When Ronald Acuna suffered a season-ending knee injury on July 10th, the Braves’ season appeared to be over. They were 44-44 and five games back of the first-place New York Mets in the loss column. Atlanta was already one of the league’s biggest disappointments, and then the face of their franchise, one of the best players in baseball, tore his ACL. So naturally, it was hard to envision things improving for last year’s National League runner-up.
However, the Braves are 23-12 since then, and now own a five game lead in the NL East. The biggest reason for that sudden improvement has been their star-studded infield, led by third-year breakout third baseman Austin Riley.
Post-Break Hot Streak
From July 16th onward, Riley ranks top 10 in MLB in WAR (1.8), wRC+ (178), OPS (1.075) and HR (13). Along the same timespan, he tops all MLB third baseman in all of those categories, as well as in batting average and on-base percentage, among third basemen during that span. His OPS has also improved nearly 100 points from .826 to .912 over his last 34 games. Simply put, the man is on fire.
Atlanta needed someone to step up and help fill the massive void left by Acuna, and Riley has done just that. In a relatively wide open NL MVP race, it’s not completely out of the equation that Riley can work his way into that discussion with a few more hot weeks.
While Riley has been at his best over the last month, this has been a season-long transformation for the 24-year-old. He has gone on hot streaks before, but this is the first time he has sustained offensive success over the course of several months. Riley has been one of the best hitters in the game this year, as evidenced by his top 20 ranking in wRC+ (139), OPS (.911), HR (27) and OBP (.375). While the ability to slug has always been there for Riley—a 70-grade raw power prospect—it’s his improved patience at the plate that has enabled this breakout.

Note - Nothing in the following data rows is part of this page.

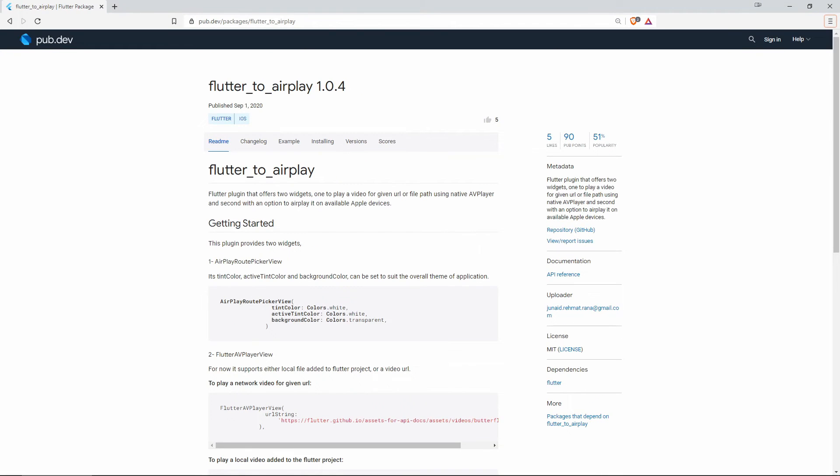On number 5 we again have Flutter to Airplay. This one was on number 7 of the most liked packages.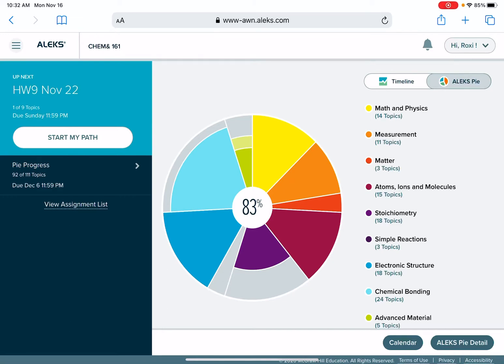In this video, I'm going to show you how to check on your PI progress in ALEKS and also how to get caught up if you are behind.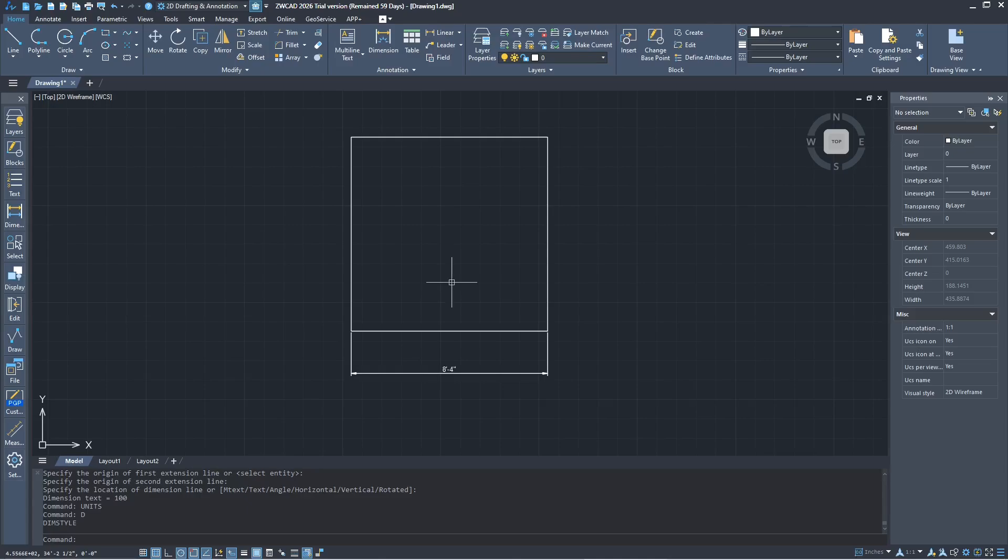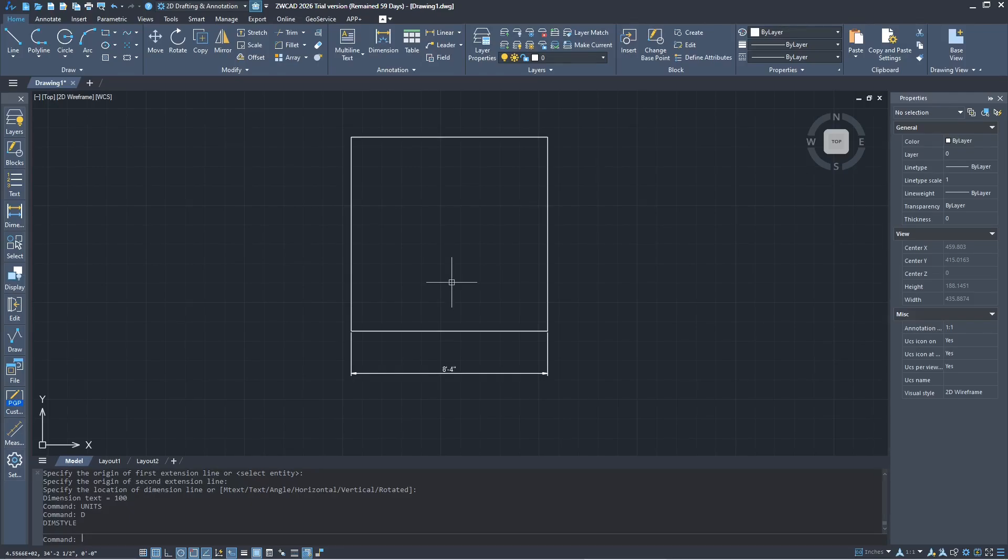Okay, that's it for this basic ZWCAD 2026 tutorial on how to change units. If you have any questions about this tutorial, you can comment below this video.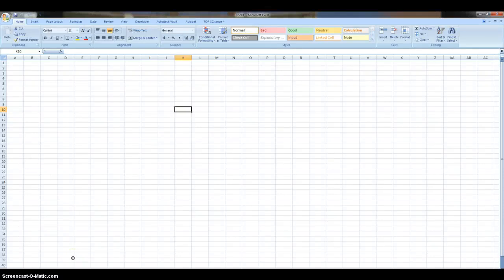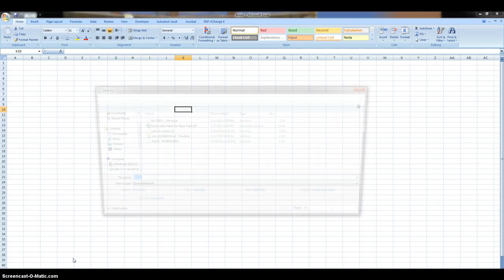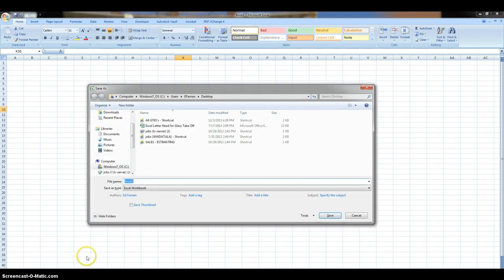Hi, this is Ed in Las Vegas. I wanted to share a quick little shortcut that I learned when using Excel. If you use Function Key F12, it'll bring you to the Save As dialog box.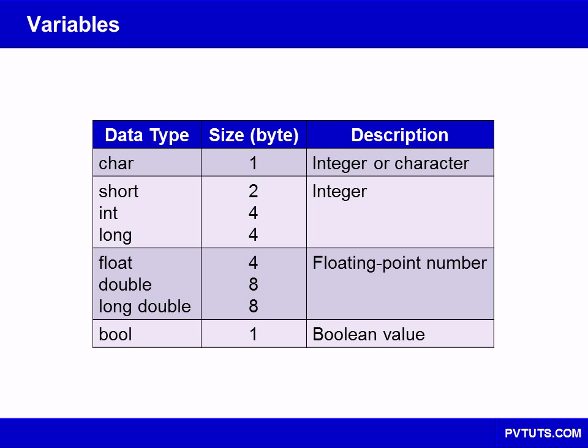Variables are used for storing data during program execution. Depending on what data needs to be stored, there are several kinds of built-in data types. These are often called fundamental types or primitives.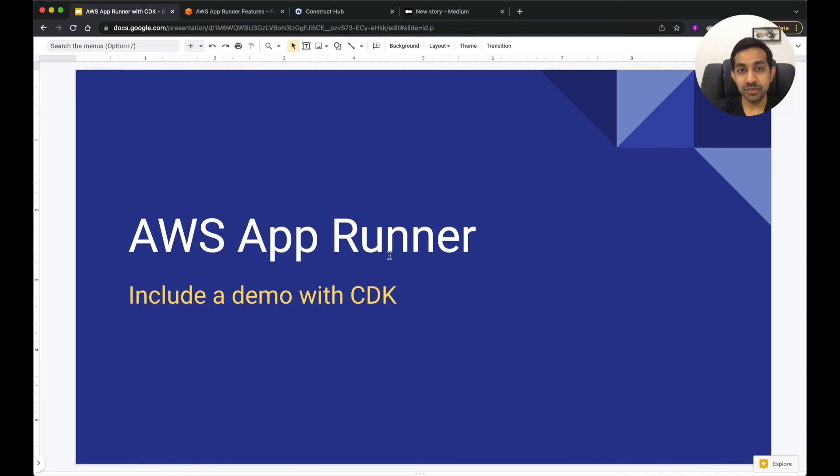Hey guys, my name is Manoj and I hope you are doing well. Now in this episode, let's talk about AWS AppRunner.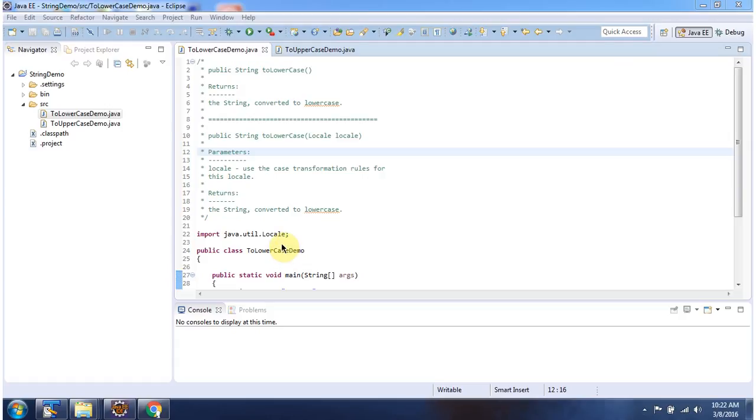Hi, in this video tutorial I will cover the two toLowerCase and two toUpperCase methods.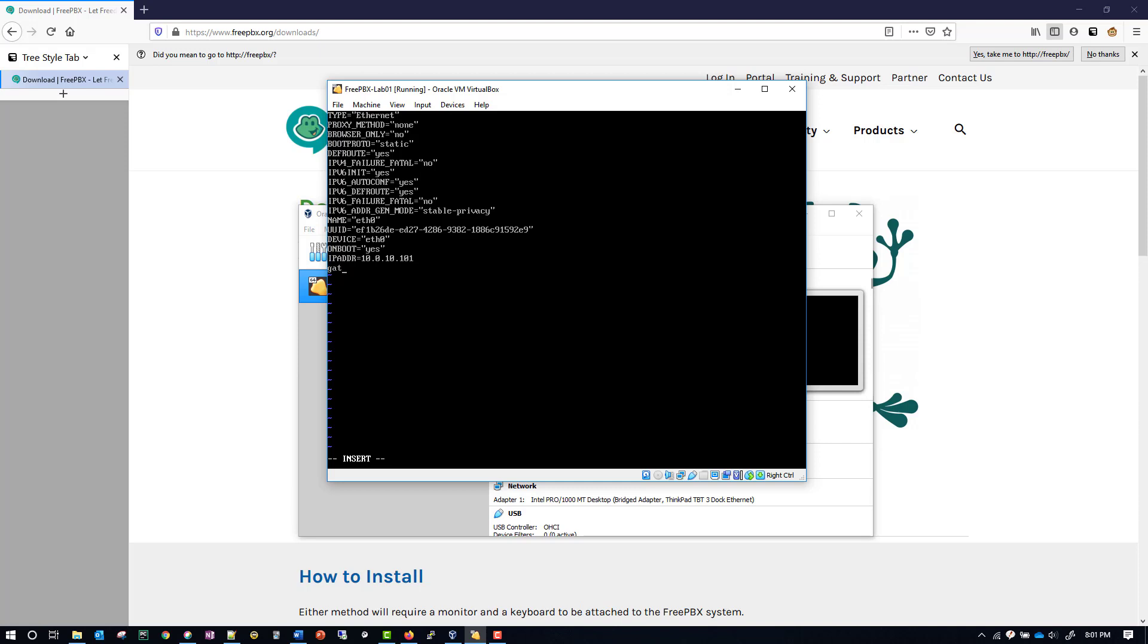And type in - let me get that in capital - GATEWAY, and that will equal our subnet, again 10.0.10.1. Everybody's will be 10.0.1.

|Austin Riley MLB Career||Strikeout Rate||Walk Rate||O-Zone Swing Rate||On-Base Percentage|
In just two years, Riley has improved from having one of the worst walk rates in baseball to a free-pass rate that ranks in the top half of all qualified hitters this season. In that same amount of time, he’s cut his strikeout rate down by a third, and now sits at a much more manageable 24.3 percent. Additionally, he’s swinging at far fewer pitches outside of the strike zone. It’s a simple equation, when an elite power hitter also has solid plate discipline, they’re typically among the best hitters in the sport. That’s exactly what we’ve seen from Riley this season.
The cherry on top for Riley has been his vast improvement against off-speed pitches. In the previous two seasons, Riley was just a .156 hitter with a 46% whiff rate. This year, the 24-year-old is hitting a .338 with five homers and a 29% whiff rate when off-speed is thrown his way.
The Braves have taken advantage of a soft stretch in their schedule to go 15-3 in August so far. However, tougher tests are on the way in the form of eight straight games against the Yankees, Giants and Dodgers to close out the month.
The Braves benefit from playing in the worst division in baseball, but the second-place Phillies finish the season with the league’s easiest remaining schedule. Atlanta and Philadelphia also meet one more time from September 28-30. For Atlanta to continue their recent winning ways and hold off the Phillies, Austin Riley’s hot bat will be crucial.